# Conformal Prediction

## Overview

**Conformal Prediction (CP)** is a framework that wraps around any predictive model and converts its point predictions into **prediction sets** (or **intervals** for regression) that contain the true label or value with a user-chosen probability (e.g. 90% or 95%).

The key appeal of conformal prediction is that it provides **finite-sample, distribution-free coverage guarantees** under very weak assumptions—primarily that the data are **exchangeable**.

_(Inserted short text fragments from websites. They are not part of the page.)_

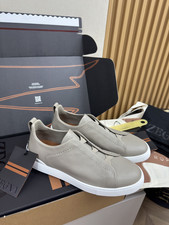Light Gray ZEGNA Triple Stitch Leather Slip-On Casual Trainers Men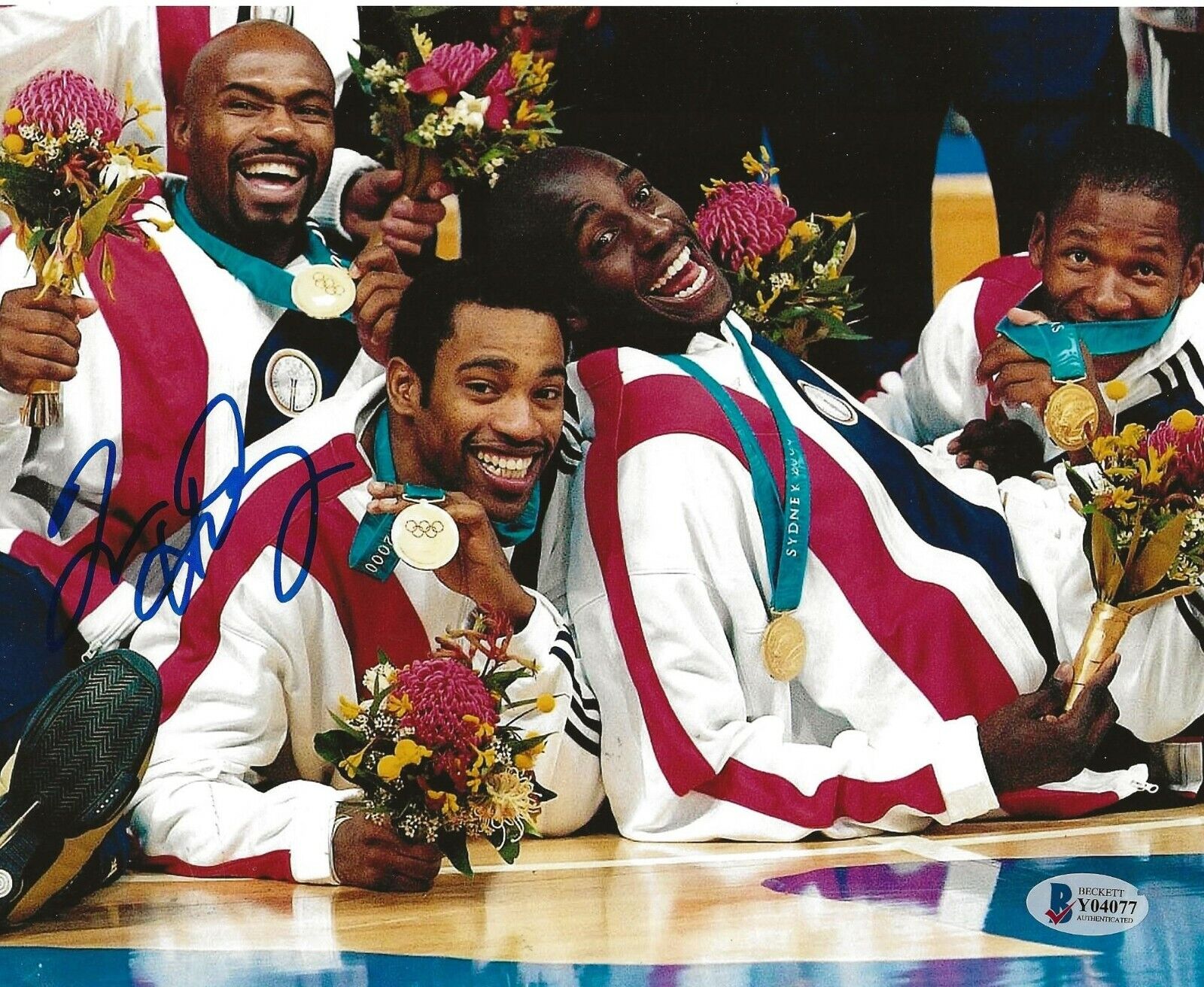 Tim Hardaway Miami Heat signed Team USA Gold Medal 8x10 Photo Poster painting BAS Beckett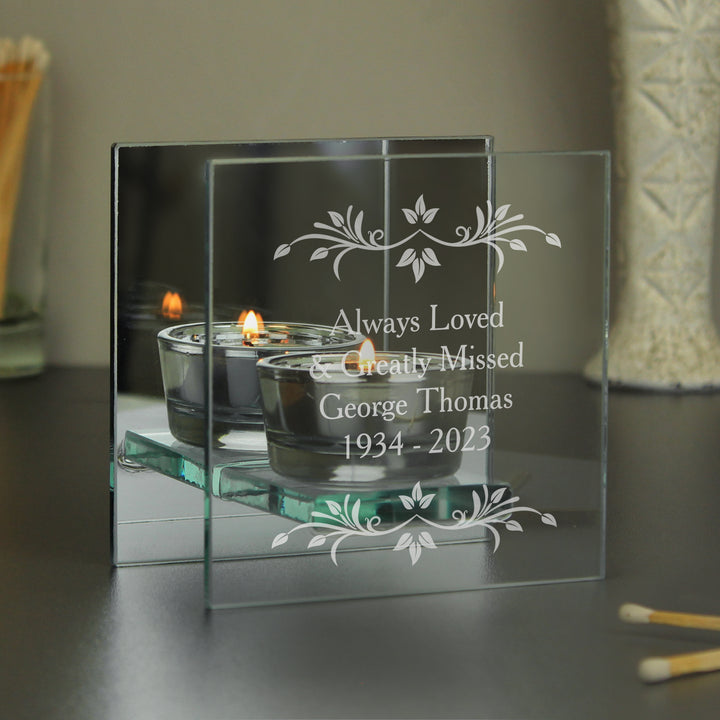 Personalised Sentiments Mirrored Glass Tea Light Candle Holder - part of the Gifts Finder Personalised Candle Holders collection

Conformal prediction is **not a predictive model itself**, but a **calibration layer** applied on top of an existing model such as linear regression, random forests, gradient boosting, or neural networks.

---

## Core Idea and Goal

The main goal of conformal prediction is to answer:

> *“How uncertain should I be about this prediction, given how wrong my model has been in the past?”*

Instead of outputting a single prediction, conformal prediction outputs a **set of plausible labels** such that, in repeated sampling, the true label lies inside the set with probability at least \(1 - \varepsilon\).

This guarantee:
- Holds in **finite samples**
- Does **not** depend on the correctness of the model
- Does **not** assume any parametric form of the noise

---

## Key Assumption: Exchangeability

Conformal prediction relies on **exchangeability** of the data:

> The joint distribution of the data does not change under permutations of the sample order.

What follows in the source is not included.